Georgian, like a number of languages, is not a Nominative-Accusative language. That is, a noun phrase referring to an agent may have case markers that are not nominative case (NOM). Georgian is rather a Split Ergative language. In particular, the noun phrase corresponding to an agent/subject can have three different case markers. This nature of Georgian gives rise a number of interesting questions to study. One of them is coordination in Georgian, and in particular, the coordination and ellipses when the same noun phrase in different case markers is being used in two coordinated verb phrases. Let us consider the following example:

kata xeze azvra da [katam] chiti shechama.

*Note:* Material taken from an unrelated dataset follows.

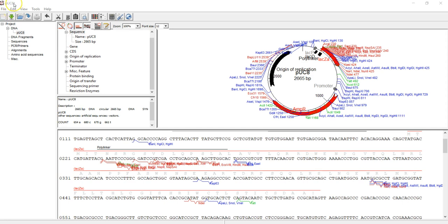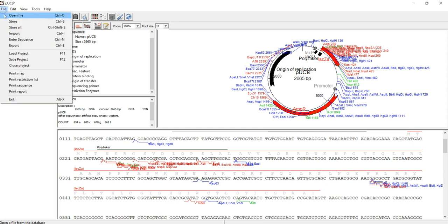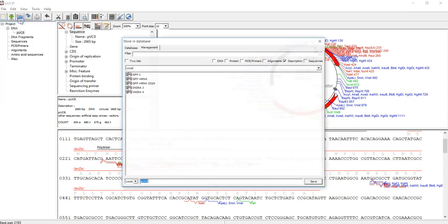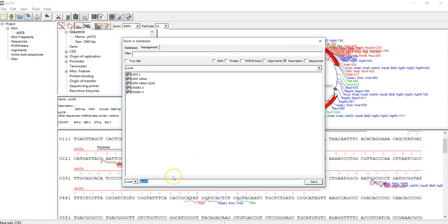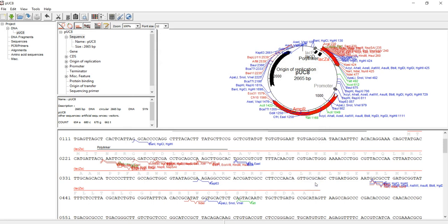After you open it, an asterisk will show up so you can save this molecule. First, just click stop, then give it a name—same name, pUC8. I have to save it.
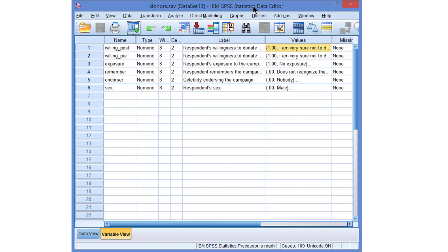An Independent Samples T-Test in SPSS. Are women more willing to donate to a fundraiser than men? If they do, they would have higher average willingness to donate than men.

cat_NOM tree_on climbed and [CAT_ERG] bird_NOM ate.

A cat climbed on a tree and ate a bird.


As you can see, kata (cat) is in nominative, but katam, which is an agentive form required by the verb shechama (ate) is in ergative. In addition, the experiencer chiti (bird) is in nominative, which is the same case marker as the one of the agent. So, we have the coordination and partial agreement (with only one of the verb phrases). Moreover, there is an experiencer that has a case marker in an agentive case (nominative).

#XbarGeorgian


In a non-standard student of mathematics, according to X-bar, student and mathematics are close (adjacent) because student is an argument of the predicate mathematics (let us call this principle the function-argument closeness principle).

In Georgian, we say:


matematikis arastandartuli studenti

mathematics_GEN non-standard_NOM student_NOM

A non-standard student of mathematics


Thus, the function-argument closeness is not that evident in the case of Georgian. We can still say:


arastandartuli matematikis studenti

non-standard_NOM mathematics_GEN student_NOM

A student of non-standard mathematics


Hence, when matematikis (mathematics_GEN) and studenti (student_NOM) are adjacent, we have that arastandartuli, which is on the right of matematikis studenti, modifies matematikis (mathematics_GEN) rather than studenti (student_NOM). That is, in the latter example, arastandartuli matematikis studenti means a student of non-standard mathematics. This is the salient, primary reading. Using intonations, one can argue that arastandartuli matematikis studenti still can have a meaning that a non-standard student of mathematics has but this is hardly the salient reading. It would be interesting to investigate such cases in more details. Also, it would be interesting to see whether other language also show similar grammatical traits when it comes to noun phrases such the one discussed here.